E quale fu il motivo?
“Tante ragioni insieme, non solo una. Tra queste anche il voler giocare di più”.
Si porta qualcosa dentro dall’esperienza in giallorosso?
“L’affetto dei tifosi, una curva così è qualcosa di unico. Ricordo al mio arrivo, una folla incredibile all’aeroporto. Anche quando abbiamo vinto la Coppa Italia è stato bello”.
In attacco con lei c’era Totti, rimase stupito da qualcosa?
“Io ho giocato con tanti campioni, arrivato a Roma non mi aspettavo di trovare qualcuno così forte. Mi stupì per leadership e carisma: gli bastava uno sguardo per farsi rispettare. In più Francesco è un vero tifoso, uno che soffre insieme alla città se non vince. In questo mi ricordava Puyol”.
A Barcellona, invece, giocava con Messi, Eto’o e Ronaldinho. Un flash?
“Beh che dire, era uno spettacolo continuo.

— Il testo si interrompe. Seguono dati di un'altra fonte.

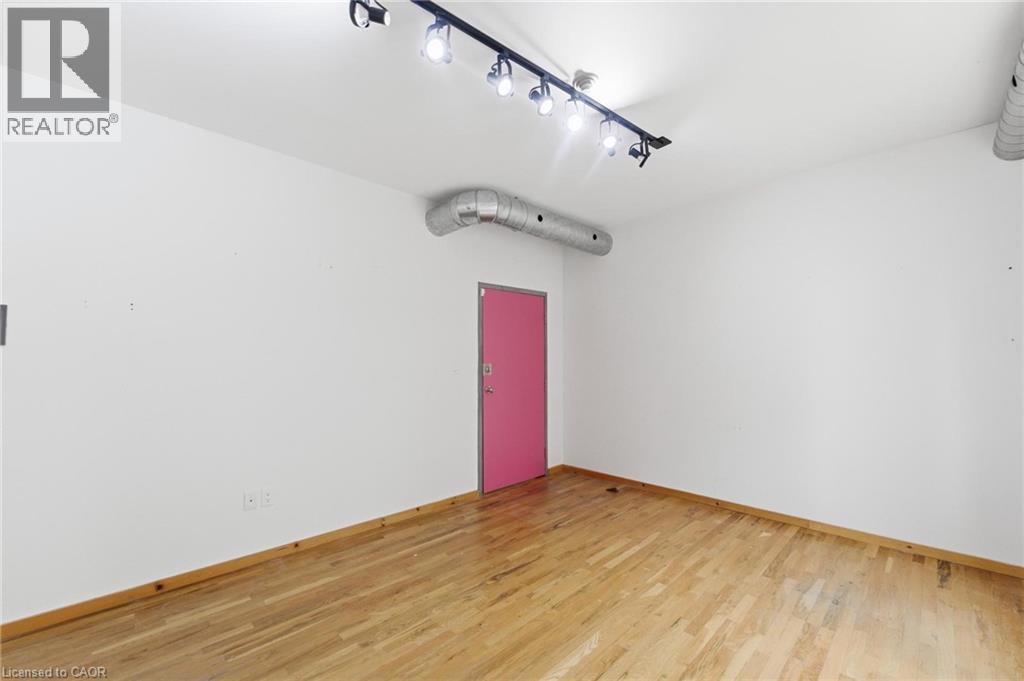 197 James Street N Unit# 317, Hamilton, Ontario  L8R 2L2 - Photo 5 - 40794715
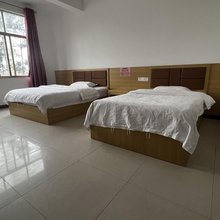 赣州宜家宾馆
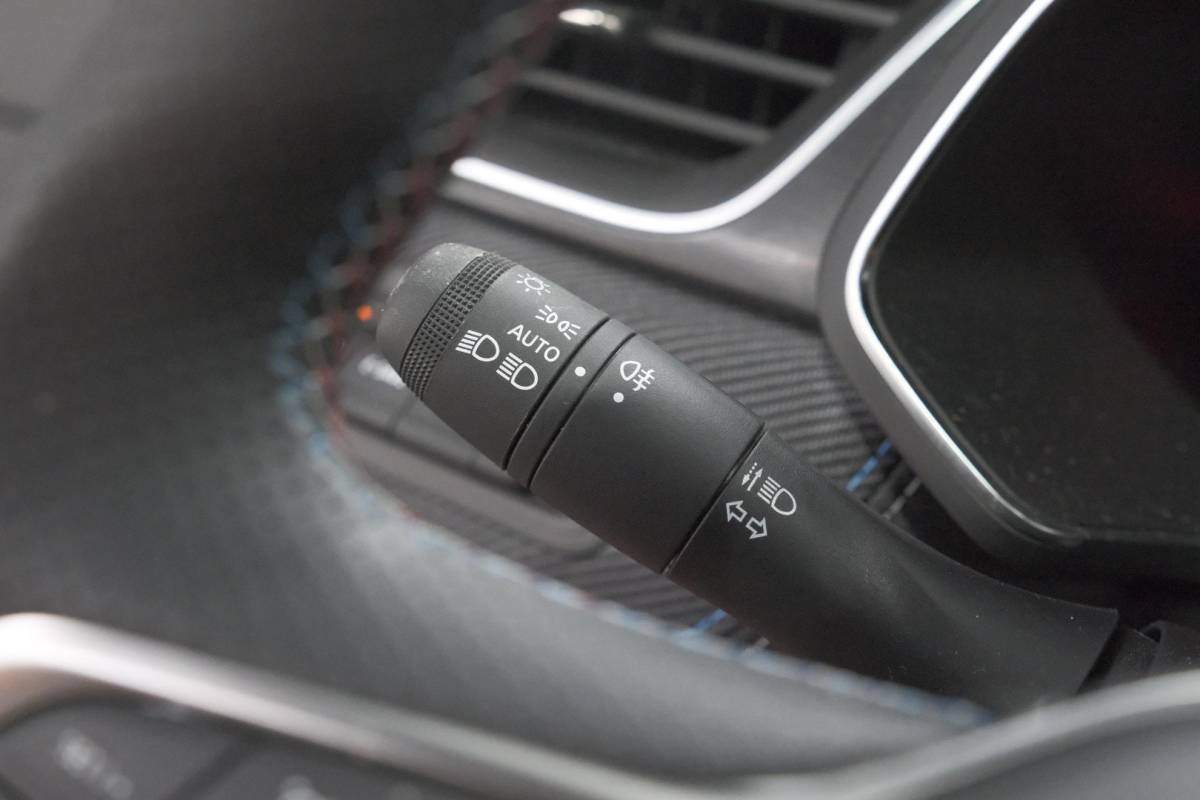 Renault Captur Renault Captur 1.8 E-Tech full hybrid 160 esprit Alpine | Adaptieve Cruise Control | 360 Camera | Navigatie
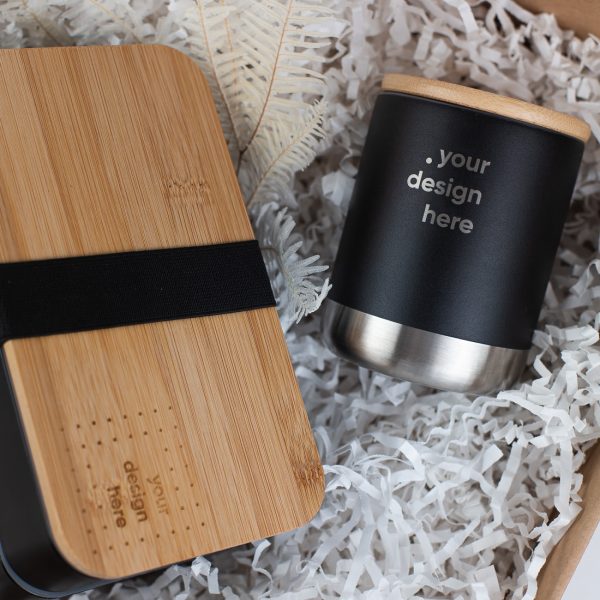 Gift set #25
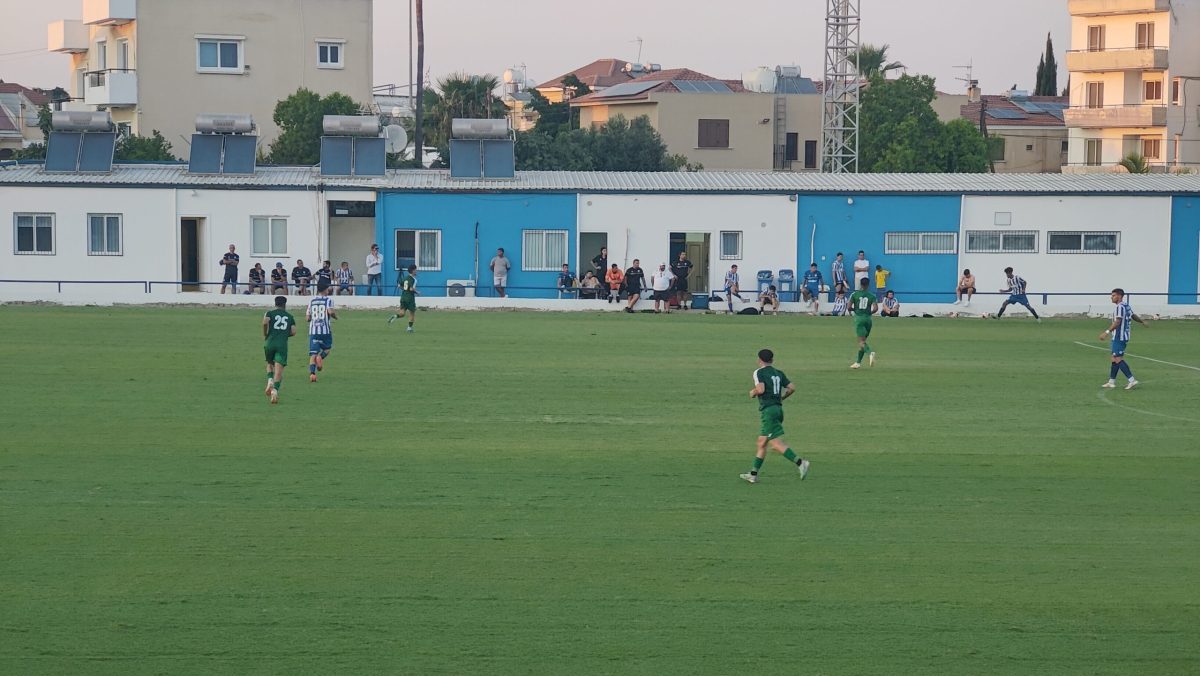 pragmatopoiithike-sto-a-karas-to-filiko-me-tin-omonoia-29m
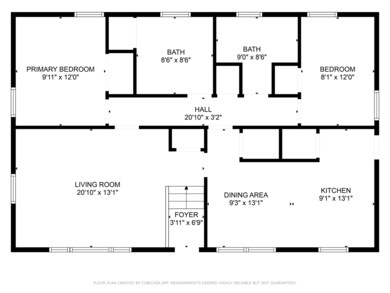 01-all_floors_52_scribner_street_mount_c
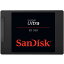 SanDisk SDSSDH3-500G-J26 ȥ 3D å ơ ɥ饤 500GB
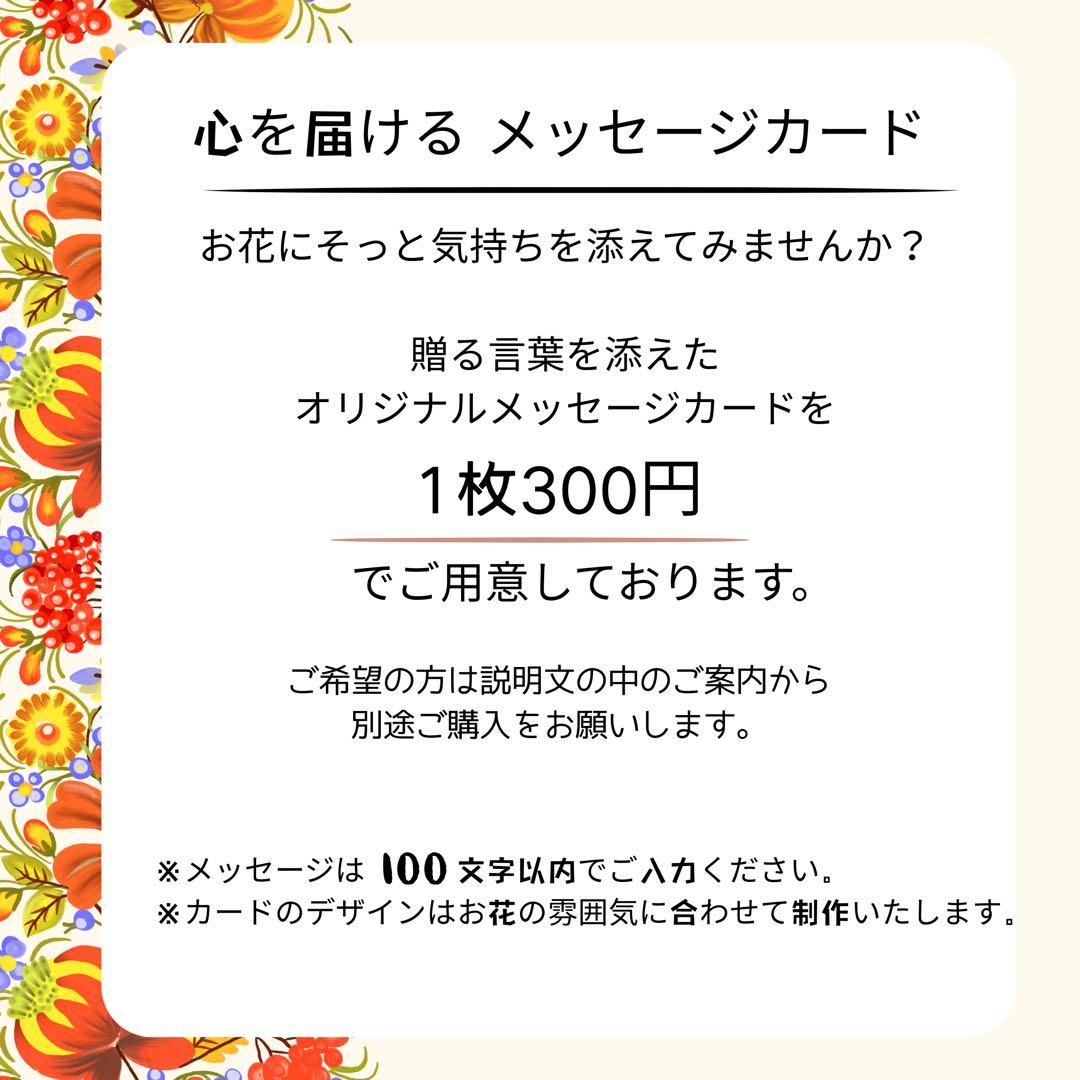 ブロッサムリース アーチ型フラワーリース ピンクの薔薇のリース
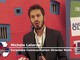 Salone Csr 2026: Laterza (Mutti), 'nostro impegno in sostenibilità parte da attenzione alla terra' Salone Csr 2026: Laterza (Mutti), 'nostro impegno in sostenibilità parte da attenzione alla terra'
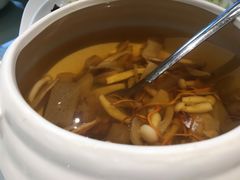-廊亦舫Lang Yi Fang Restaurant(金桥店)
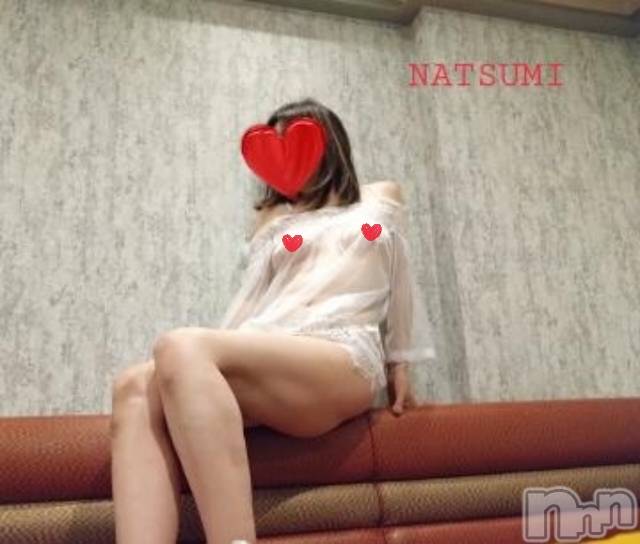 新潟人妻デリヘル不倫檸檬(フリンレモン) 夏未（なつみ）(47)の6月9日写メブログ「◯欲がト・マ・ラ・ナ・イ‥‥」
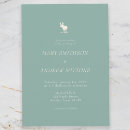 Recherche de camping mariage invitations Pays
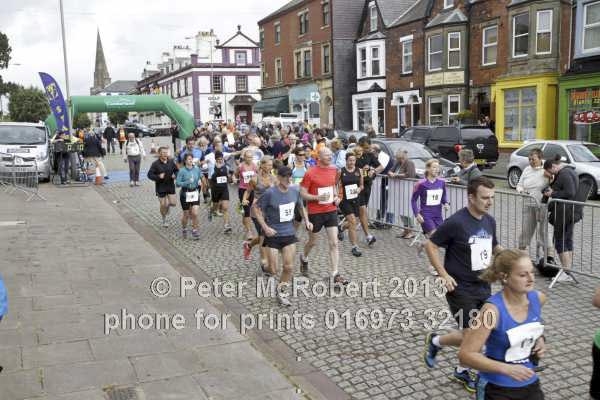 P7P0885 640x480
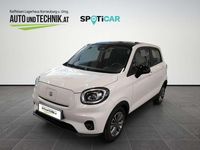 gebraucht Leapmotor T03 T03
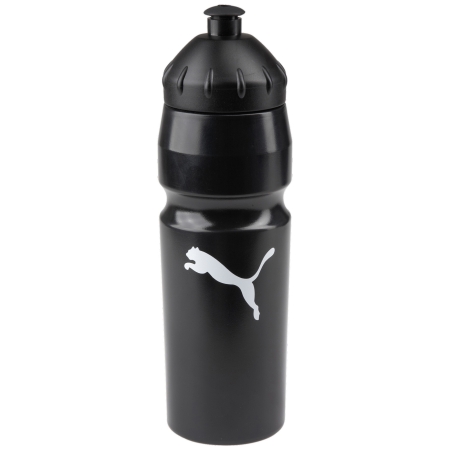 PUMA 'New' Waterbottle Plastic 0,75 l Football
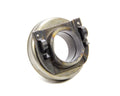 Release Bearing - 486 Vinyasa Automotive
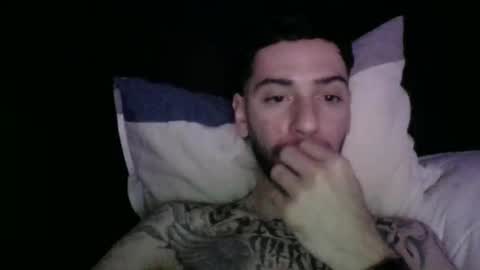 gonzo online show from April 10, 2026, 1:00 am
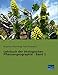 Lehrbuch der oekologischen Pflanzengeographie - Band 1 (German Edition)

E parlo soprattutto degli allenamenti. Dinho non lo scopro di certo io, ma in settimana ti lasciava davvero a bocca aperta. È il calcio nella sua forma più pura. Insieme a lui e Samuel stava sbocciando il talento di Messi: era già un extraterrestre. Nessuno di noi ha mai avuto il minimo dubbio. Anche solo nelle partitelle vedevi che era diverso dagli altri”.
Yamal può essere l’erede di Leo?
“Sì, ma va seguito e gli va dato tempo. Soprattutto deve essere consigliato dalle persone giuste. Per giocare al Bernabeu non basta il talento, ci vuole tanta forza mentale. Yamal è giovane, deve imparare”.
In chiusura torniamo sulla partita di domenica. Che sfida sarà?
“Sono due grandi squadre, mi aspetto una bella sfida. Sarà una battaglia. Tiferò per i giallorossi, sono rimasto legato a Roma e alla sua gente anche se l’ho vissuta solo per una stagione”.